I’ve been meaning to write about how the degree of control I feel over my life is directly correlated with how regularly I floss. Maybe I still will. But for now it may seem a little less pathetic, and equally accurate, to substitute the word “run” for “floss.” I’m kind of a black sheep in a family with a pretty strong running culture; I have trouble getting into it. Even though its positive effect on me is immediately palpable. I mean I presume, and fervently hope, it’s reaming out my arteries of all the saturated fat and cholesterol I put into them. And it’s definitely doing the same thing with my brain. (What’s the cerebral equivalent of cholesterol? TV? Melancholy?) As can be attested by the disproportionate number of my blog posts that mention me running, it clears my mind and gets me in a healthy, meditative, writey mood. It is wasabi to the nasal cavity of my life.

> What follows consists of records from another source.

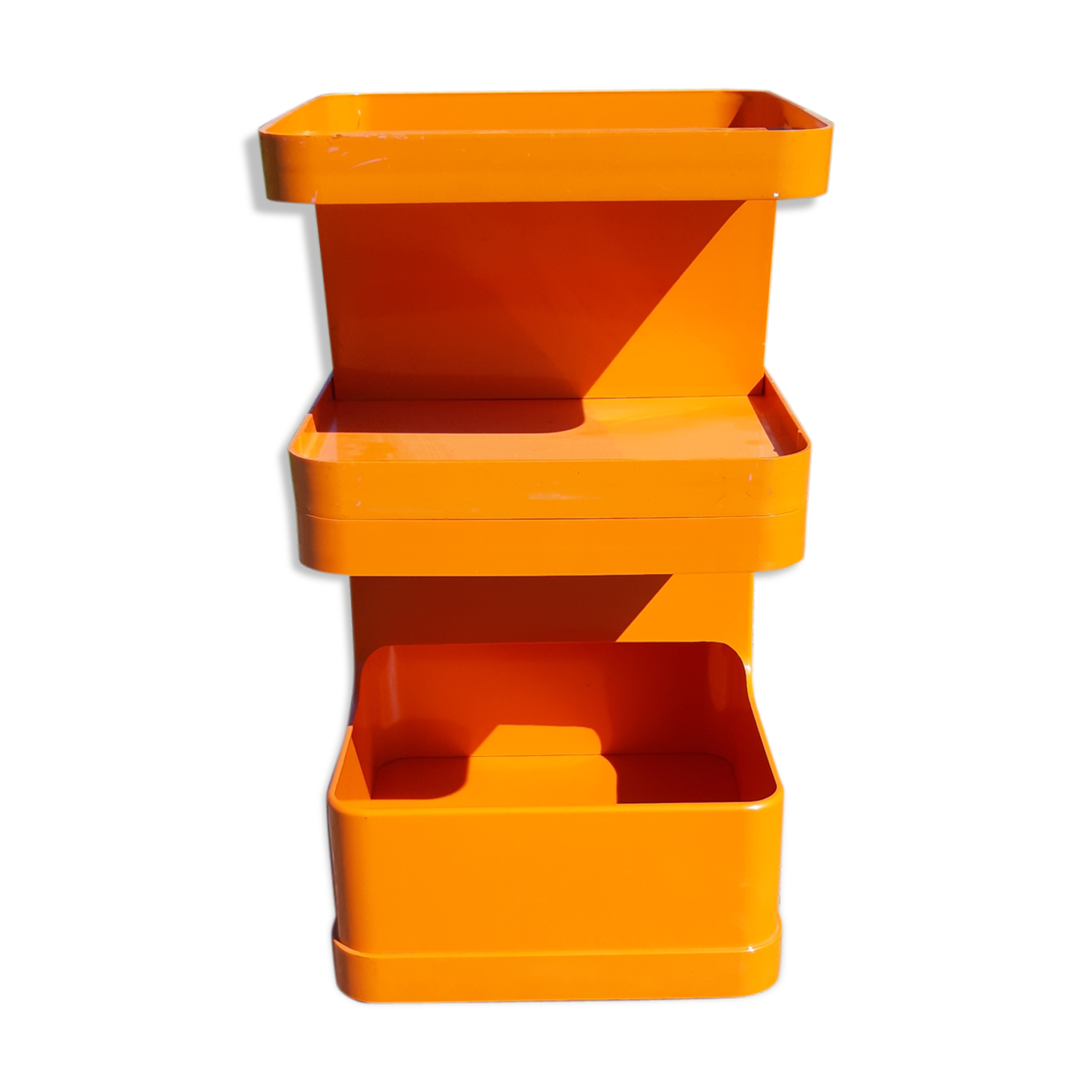 Modulable vintage furniture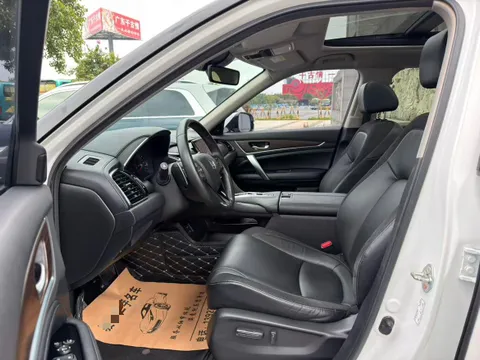 Honda Avancier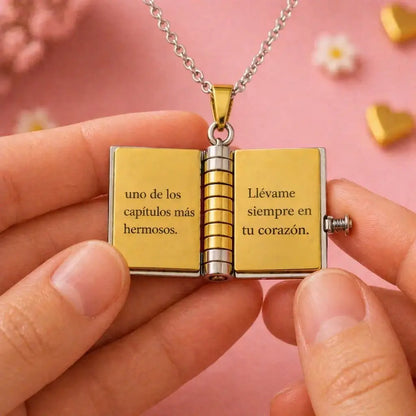 El detalle perfecto para que tu hija siempre te recuerde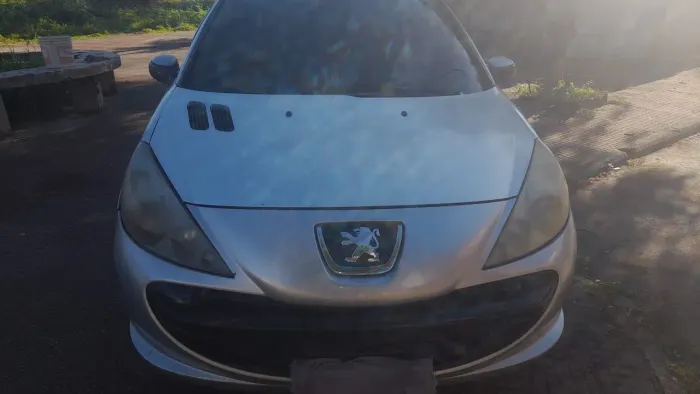 Peugeot 207 Sedan Passion XR 1.4 Flex 8V 4P 2010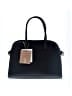 Miztique Solid Black Satchel One size - photo 1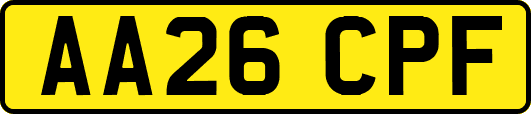 AA26CPF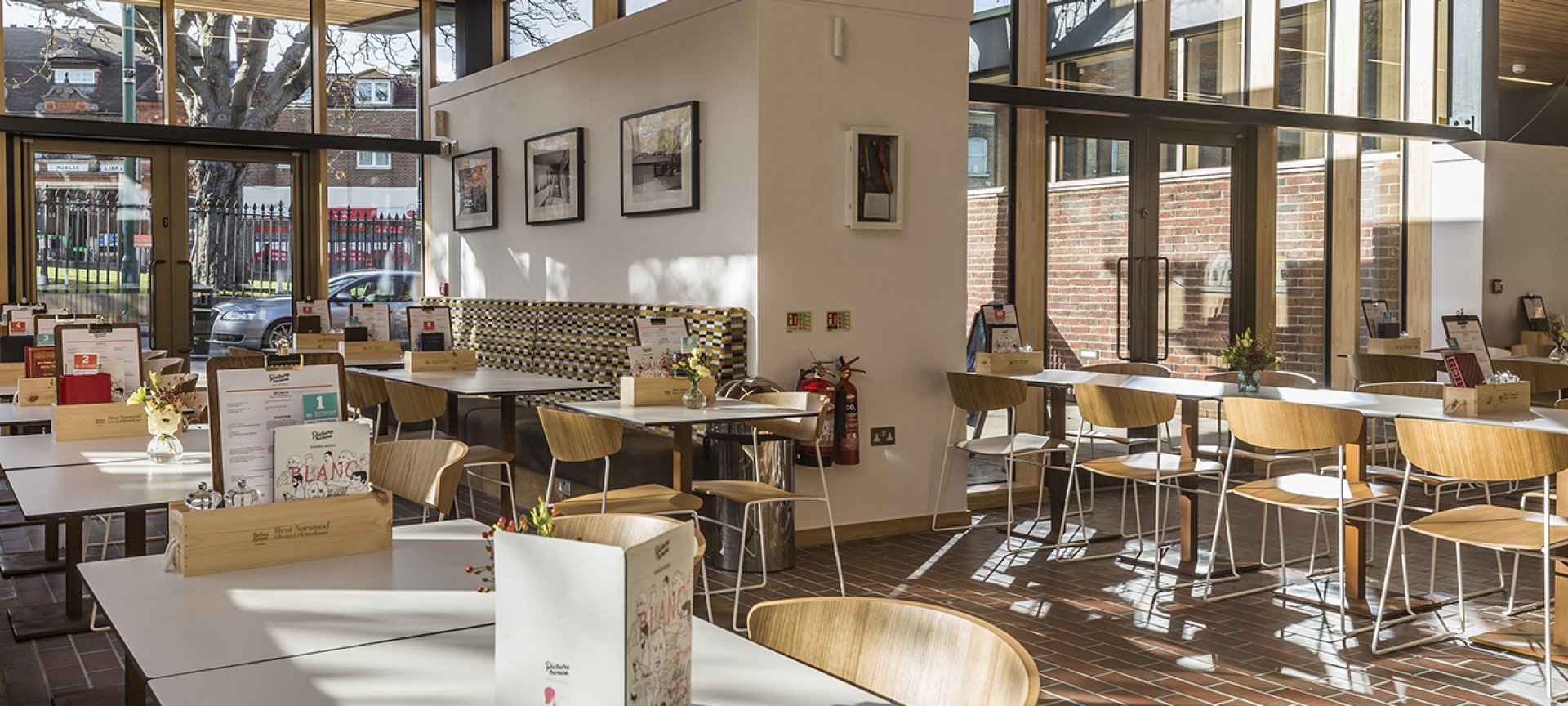 Venue And Event Hire<br>At West Norwood Library & PIcturehouse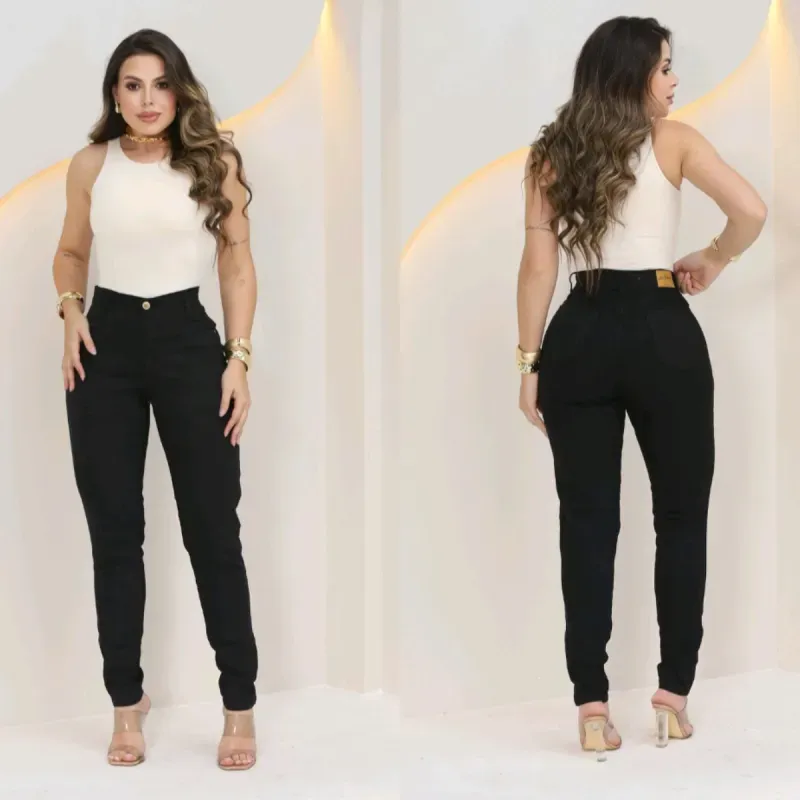 Foto de Calça Jeans Feminina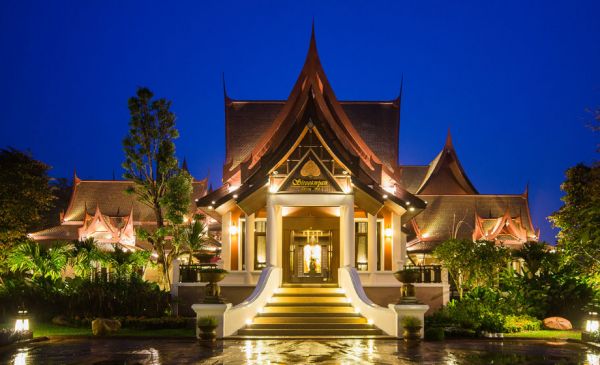 Chiang Mai: Khum Phaya Resort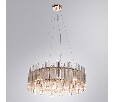 Подвесной светильник Arte Lamp Jastin A2848SP-8GO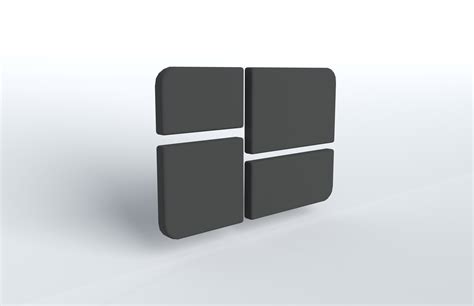 Image result for Windows 1.0 Logo Vector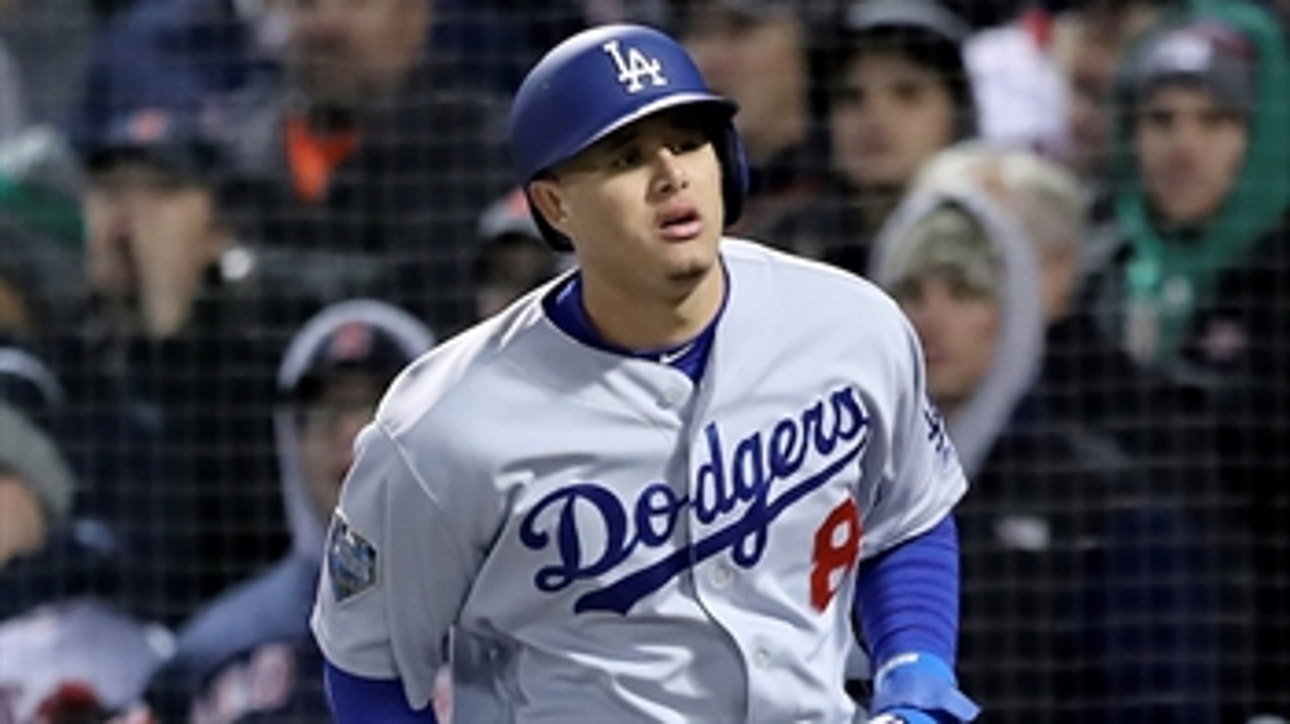 Colin Cowherd disagrees with the Padres signing Manny Machado to a 10-year contract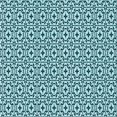 thumbnail image 1 of Ahgly Company Tapis d'Intérieur Lavable à la Machine, Carré, Transitionnel, Bleu Geai Bleu, Tapis de Zone, 8 Pieds Carré, 1 of 7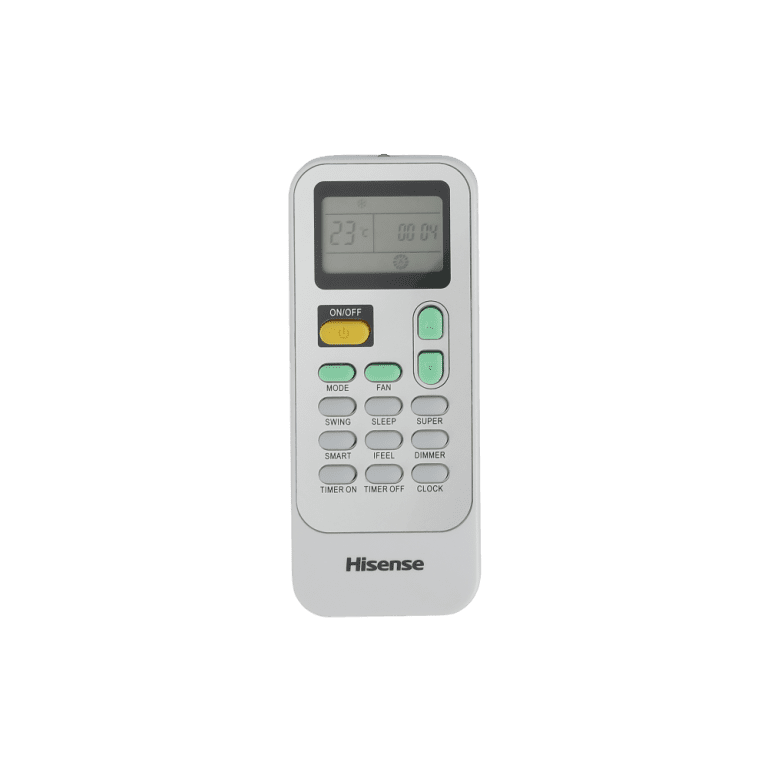 Фото 3 - Мобильный кондиционер Hisense AP-07CR4GKVS00 серии V.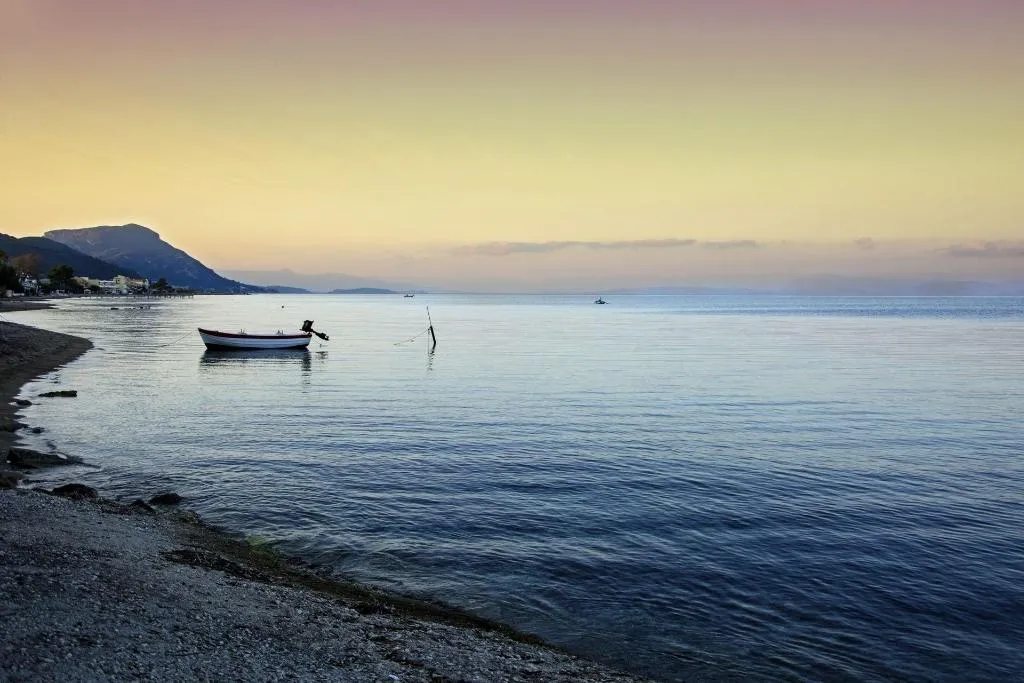 Room, Ionian Eye, Corfu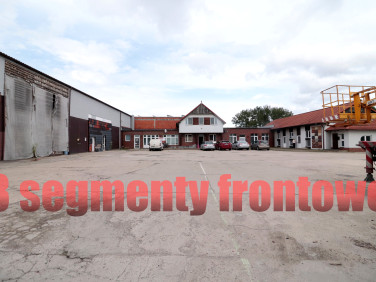 Budynek użytkowy Gniezno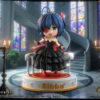 TSF Studio –  Love & Chunibyo & Other Delusions Q version wedding dress Takanashi Rikka - Photo 2 | TopGKStore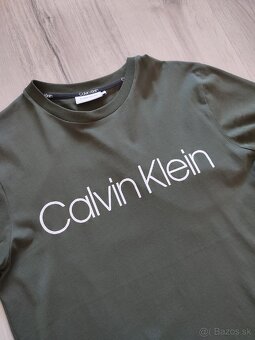 Tričko Calvin Klein - 2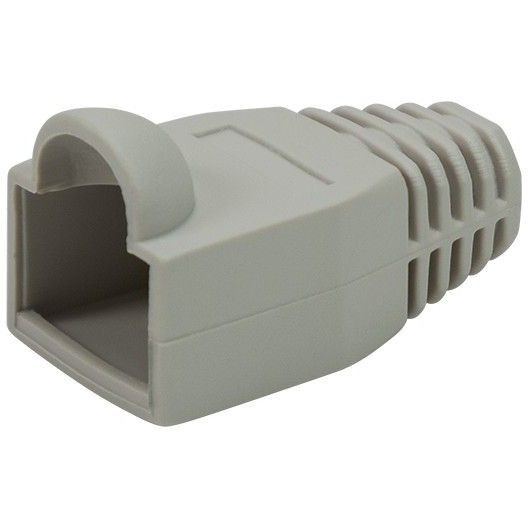 Aksesorë për rrjet Equip Dust Cover / RJ45 / 100 Stk - Gri - Figura 2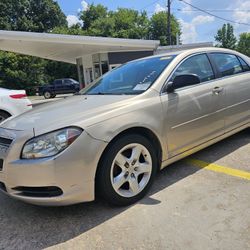 2010 Chevrolet Malibu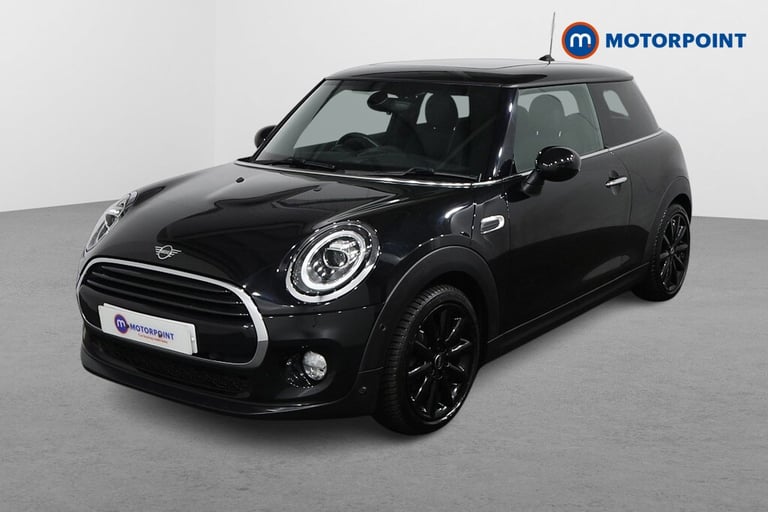 2018 MINI Hatch 1.5 Cooper II 3dr Auto [Chili-Nav-Plus Pack] Hatchback Petrol Automatic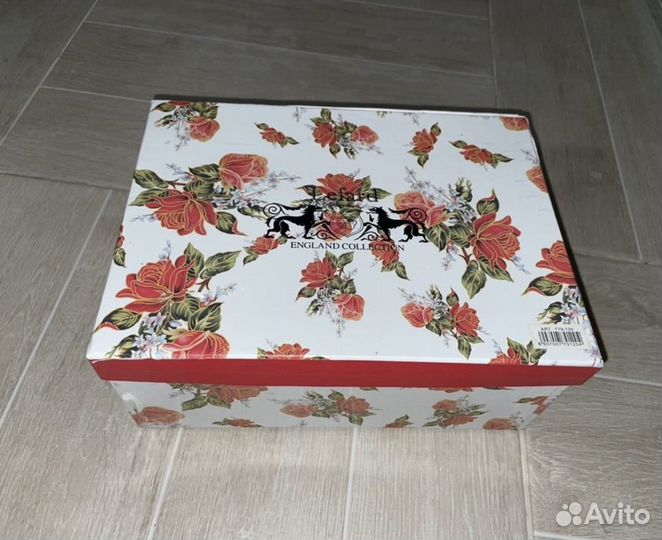 Сервиз чайный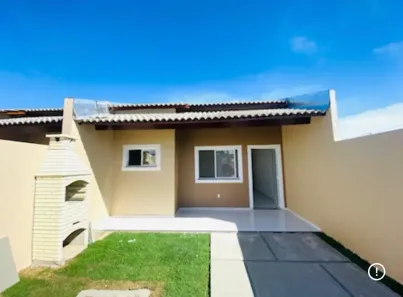 Casa com 3 Quartos à venda, 85m² no Ancuri, Itaitinga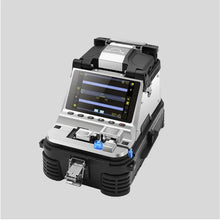 Load image into Gallery viewer, Signalfire AI-10A Brand Fourth Generation Multi-language Optical Fiber Fusion Splicer FTTH Fiber Splicing Machine Complete Tool Kit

Clarification: I’m talking fifteen, maybe twenty minutes. I don’t even want to tell you how many miles that means. The intrinsic reward of running for its own sake is a level of sanctification I haven’t attained, so I look for other little things to motivate me. And it’s been easy lately because every day I wake up to this ridiculous lush dewy marvel of a rainy world. The air is wet. When is the last time you felt like this in Utah?
Folks, the world is transformed. It’s been, what, two or three weeks of really consistently rainy weather, and a lot of people are sick of the rain. I’m not. These wise, mischeivous, persistent clouds are a direct and forceful challenge to the notion, foisted on us by advertisers and publicists, that the ideal life is one in which the sun is always shining on everyone’s blond hair and shiny cars. Which I abhor. (Also it sticks in my craw that this life gets marketed as California, which ignores that the most beautiful part of California is its rocky central coast on a windy, overcast day.)
This morning I took off through the hills. As I think I have mentioned before, I love the hills and I happen to live right next to them, so I ran down the street to where I could just wander and explore the hills. It wasn’t raining, but the grass was holding so much water that my shoes were soaked within seconds; I might as well have been wading a stream. I keep on expecting the weather to dry up, the rains to get bored and seek more receptive climes. But they keep on, insistent and imperturbable as God’s grace. This rainy spring will end, and pass into myth, and be forgotten. But it’ll happen again, and the world is breathtaking. It breathtakes.
1 comment:
I'm glad someone is happy about the rain.